İnsan sosyal bir varlıktır ve toplum içinde diğer insanlar ile olan münasebetleri ruh hallerini belirler. Sosyal yönü güçlü insanlar bile modern çağımızda yalnızlığa yöneliyorsa bunun en bariz iki nedeninden bahsedebiliriz. Teknolojinin gelişmesiyle dijital kölelik ve insan ilişkilerindeki güven ve samimiyetin azalması…
Dedem rahmetli, “İnsanların umudunu kırmayın, umudunu kaybeden o insanın belki de son sahip olduğu şeydir” derdi. Asgari yaşam koşullarını sağlayamayan insanları dahi hayata bağlayan, hayatın en zor sınav anlarında bile ruhsal çöküntüye derman olan şeydir umut. Umut kadim medeniyetimizde her zaman korkudan bir adım önde tavsiye edilmiştir. Korku ve umut arasında dengeyi sağlamak hayat tecrübesine ve inancın gücüne bağlıdır…
İnsanın hayat planında varmak istediği menzilleri düşünüp umut ederek yol alabildiği malumdur. Kişisel planların olabilirliği önemlidir. Özgürlük ve adalet ortamında hayal dünyası geniş olur. Ne kadar çabalanırsa da başarılamayacağı hissi ise, liyakatsizliğin baş tacı edildiği ortamlarda yaygın olur. Bu tür olumsuz duyguların ilacı; inanç ve azimle umuda sarılmaktır. Umudun kaynağı da yine kişinin kendisidir.
Herkesin kahramanı yine kendisi olursa, başkasından bir şey beklemeyen, etrafındaki olumsuzluklardan etkilenmeyen başarılı ve erdemli insanlar topluluğu oluşabilir. Birilerinin hak etmediği halde yüceltildiği, algı ile kahramanlaştırıldığı toplumlarda bireylerin hiçbir önemi yoktur. İnsani değerler; özgürlük, adalet, liyakat, insan hakları bir illüzyondan başka bir şey ifade etmez. Dijital çağın, gücü elinde olana hizmet ettiği bir yönetim şekli, toplum mühendisliği ile halkları çok kolay köleleştirebilir…

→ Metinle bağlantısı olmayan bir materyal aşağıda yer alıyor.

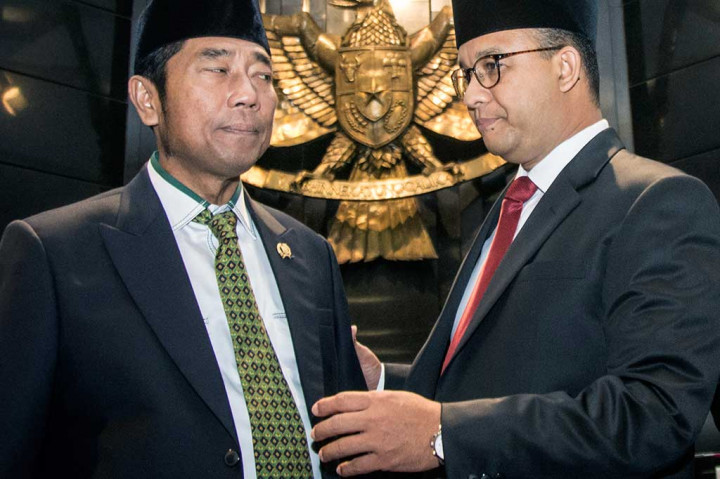 Anies Baswedan berbincang dengan Abraham Lunggana.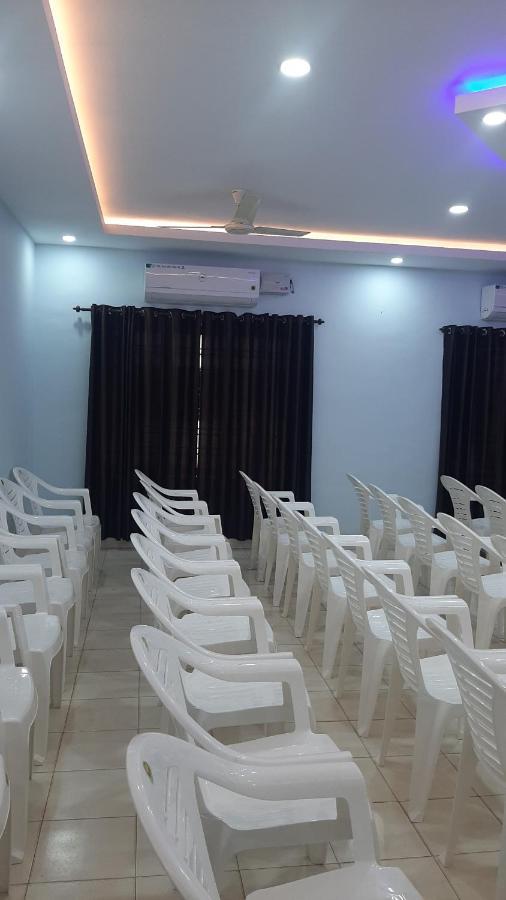 Madaparambil Residency Alwaye Ngoại thất bức ảnh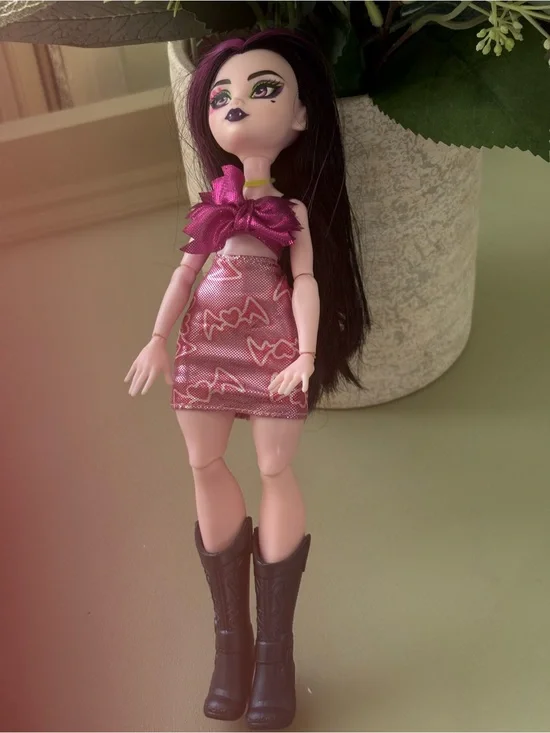 Monster High Dracula  doll from the 2024 Monster Fest line.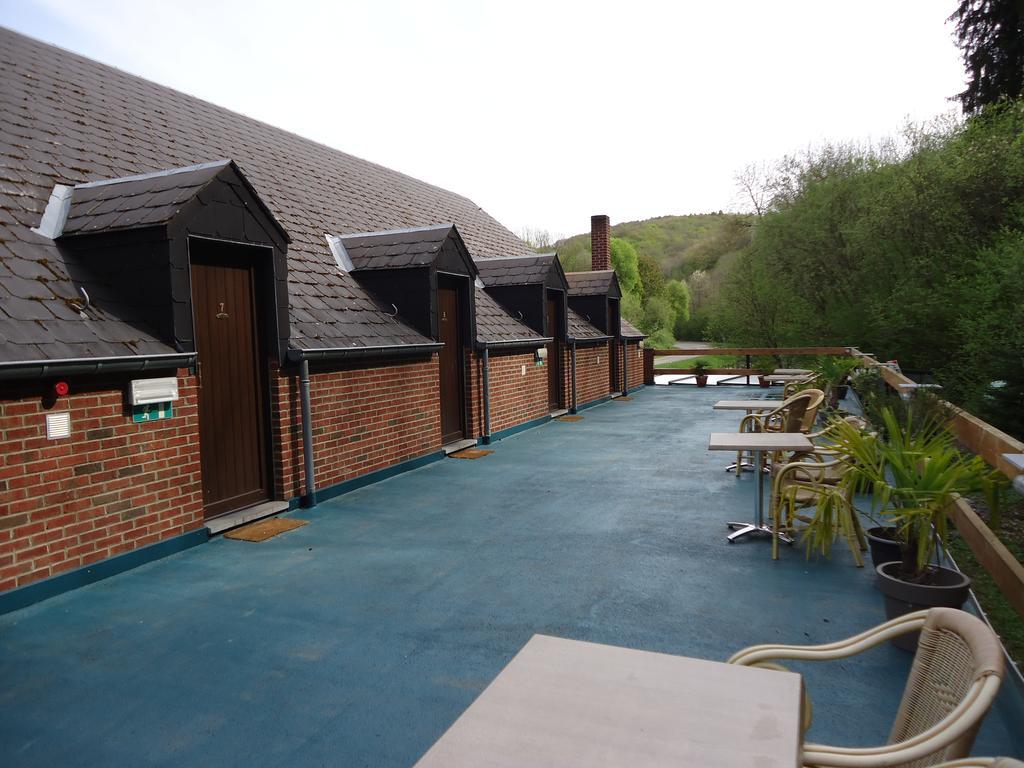Auberge De La Lesse Celles  Exteriér fotografie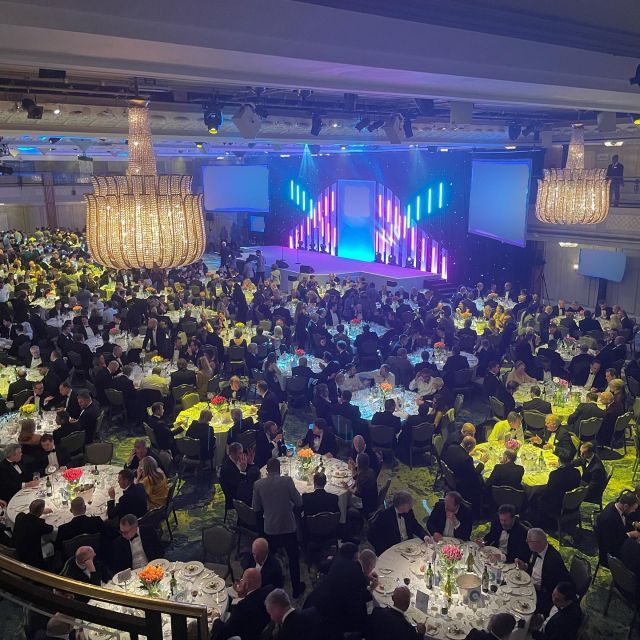 It’s great to see large live events for Activate pick up again as the team were on site for a 900 guest dinner at Grosvenor House. Definitely a night to remember with brilliant LED and singing performances.

#activateevents #liveevents #largedinner #production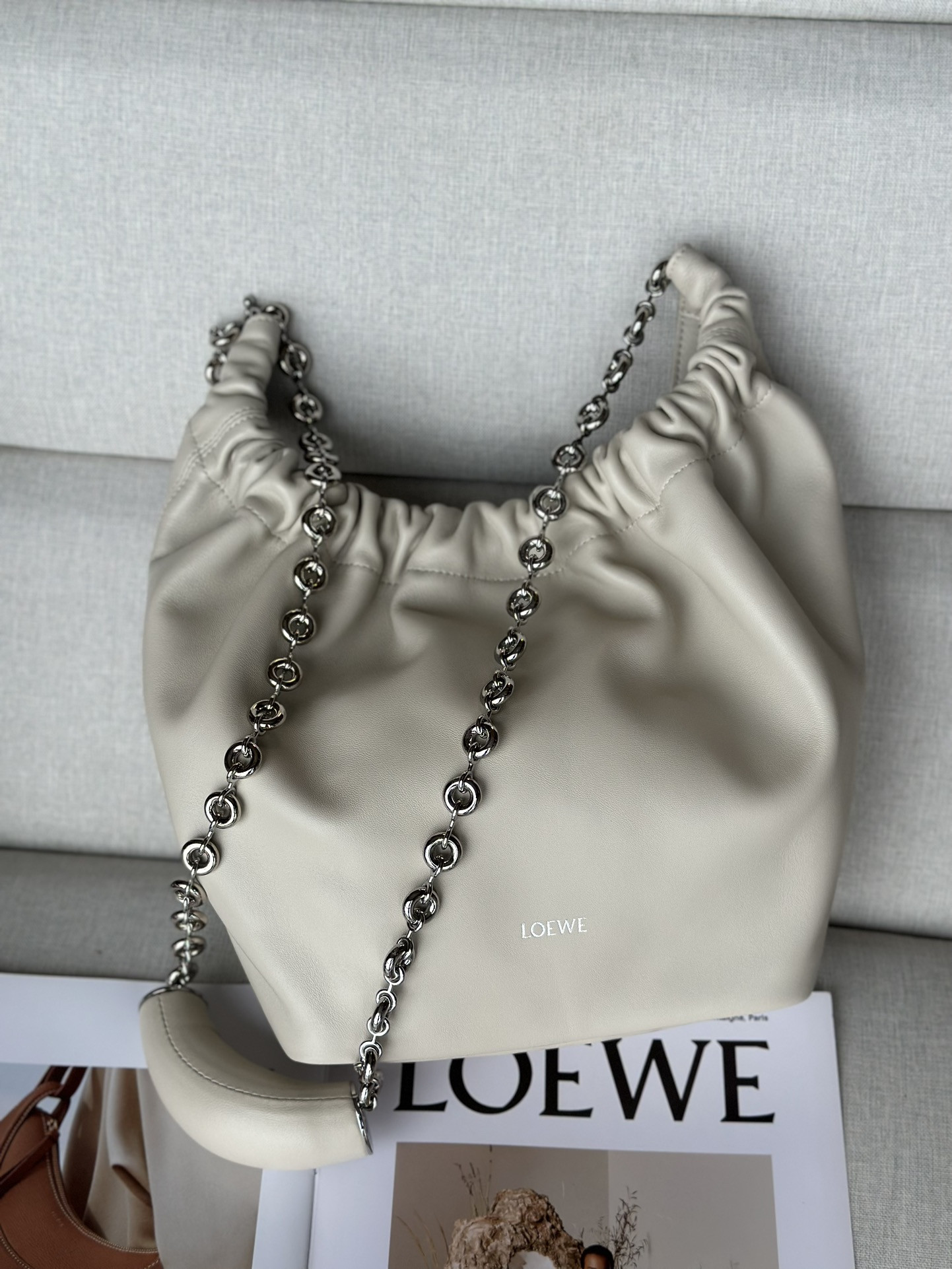 L0ew* small squeeze bag in mellow nappa lambskin 29x10.5x24cm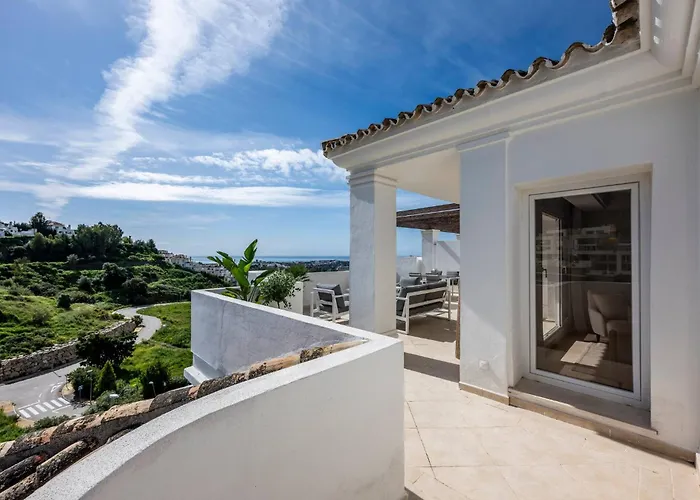 Elegant Duplex Penthouse With Sea And Mountain Views *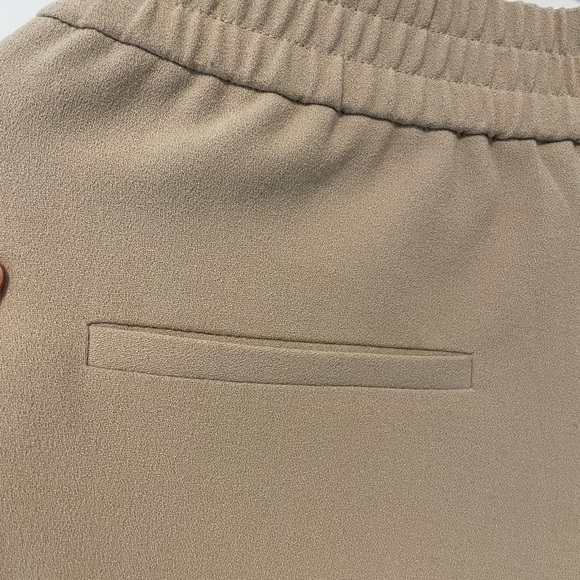 Loose comfortable trouser - Picture 6 of 7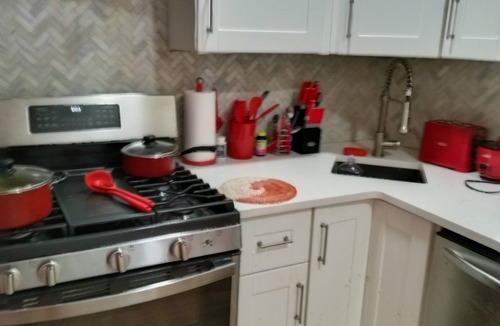 Canarsie House | Charming 1-bedroom house with AC, WiFi in lovely Brooklyn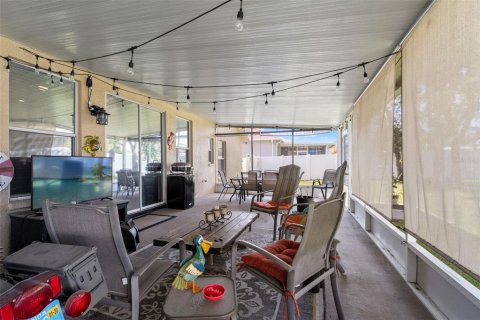 Casa en venta en Spring Hill, Florida, 3 dormitorios, 190.64 m2 № 1851634 - foto 29
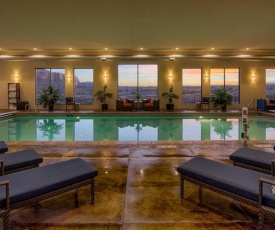 Desert Rose Resort & Cabins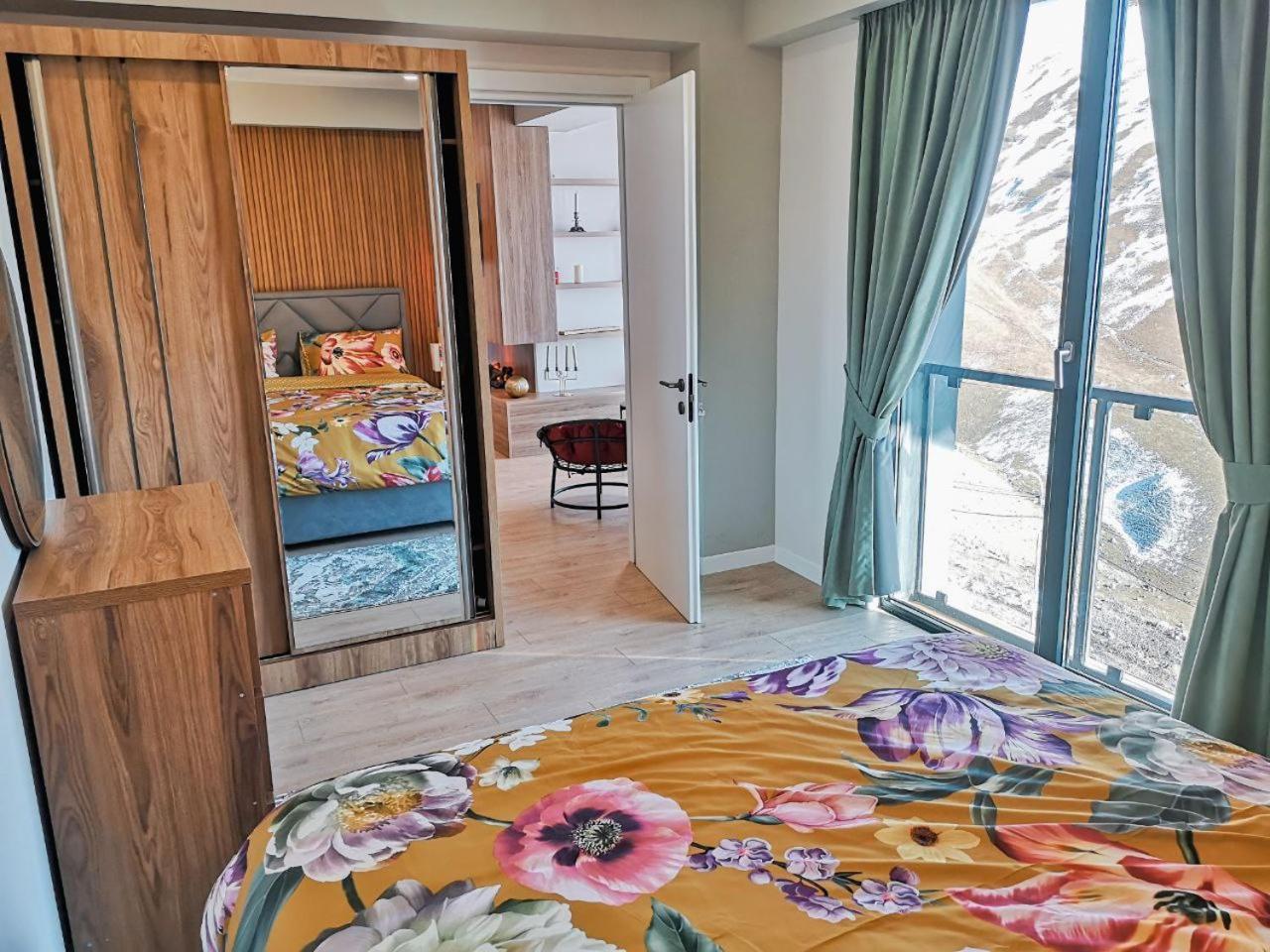 Gudauri Travel Chalets In New Gudauri Room photo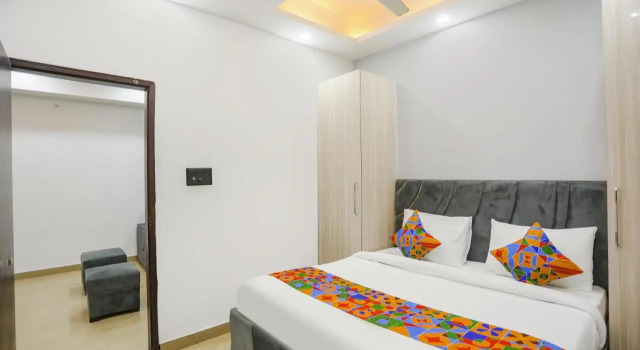 FabHotel Rasa Arcade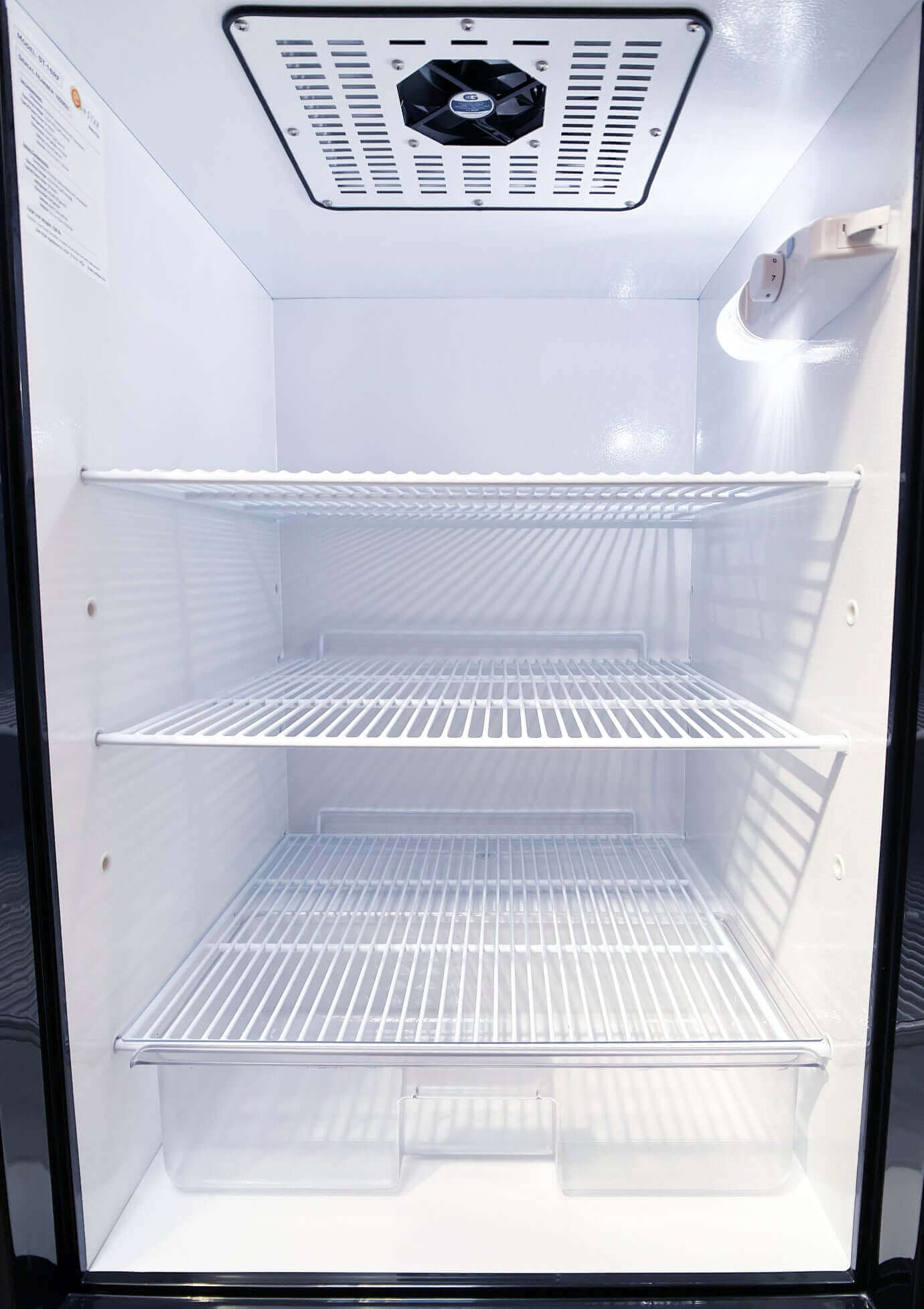SunStar 16CU Solar/DC Refrigerator - Black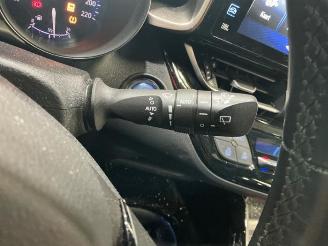 Toyota C-HR C-HR (X1,X5), SUV, 2016 1.8 16V Hybrid picture 28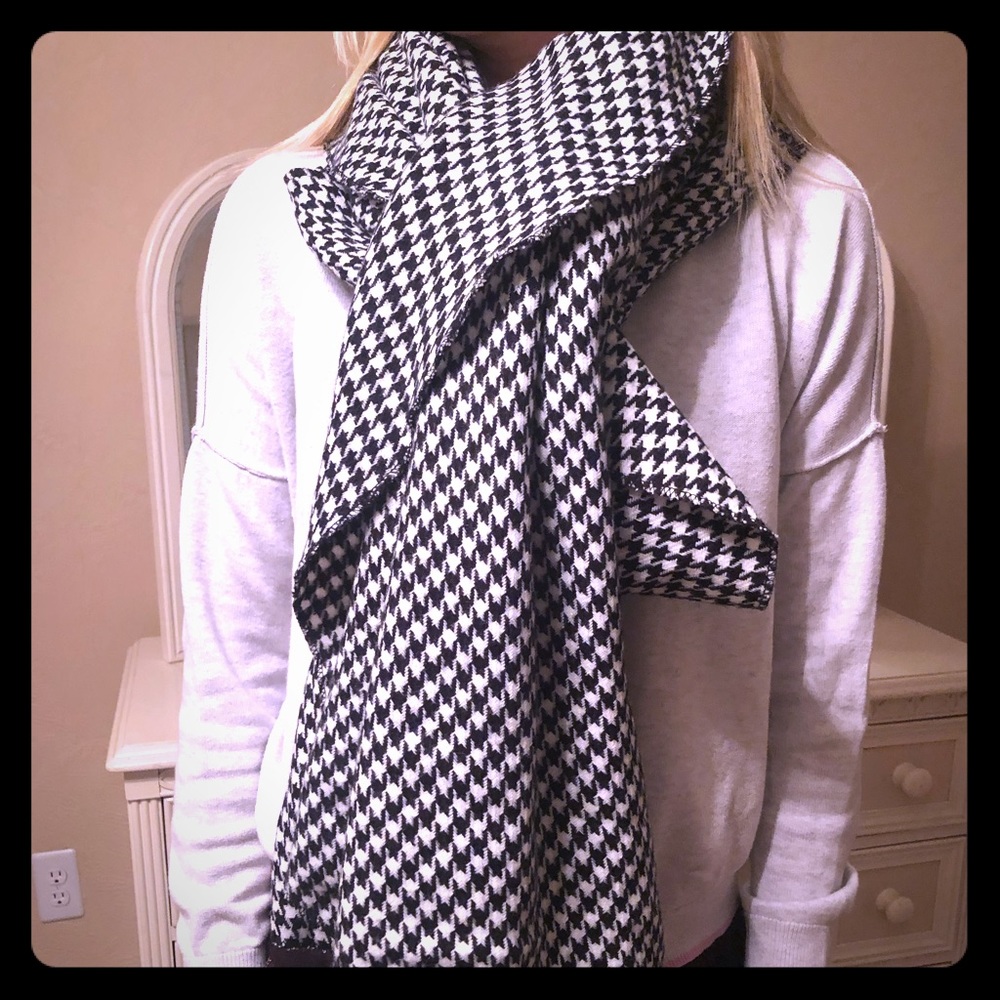 Houndstooth Women’s Multi-Way Cape!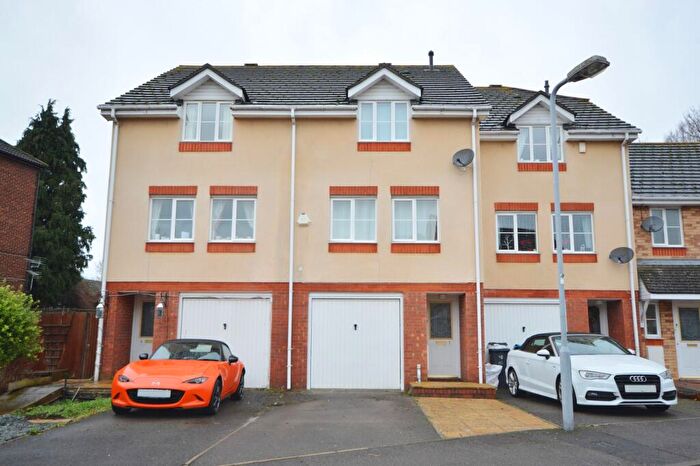 3 Bedroom Terraced House To Rent In Padley Close, Chessington, Surrey., KT9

Bu durumdan kurtulmanın yegâne yolu umuttur. Depresyona girip, hayata küsmek, etrafına cansız gözler ile bakmak ve mevcut şartları kabullenmek insan olana yakışmaz. Eğer bulunduğu ortamda umudunu yeşertecek çabalar sonuç vermiyorsa o halde hicret düşünülebilir.
Akıntıya karşı kürek çekmenin de bir yöntemi vardır ancak ehline malumdur. İlmi siyaset denen bir erdemli davranış şekli ki, ehli olmayanın uygulaması onun zilleti de olabilir. Umut her daim olmalıdır ve hicret bile olsa bir gün iyiliğin hâkim olduğu günler hayal edilmelidir…
Toplumların kaderi kişinin seferine paralel olmayabilir, toplum dibe doğru batarken kişinin çıkışı da olabilir bu ise ancak umut ile mümkündür.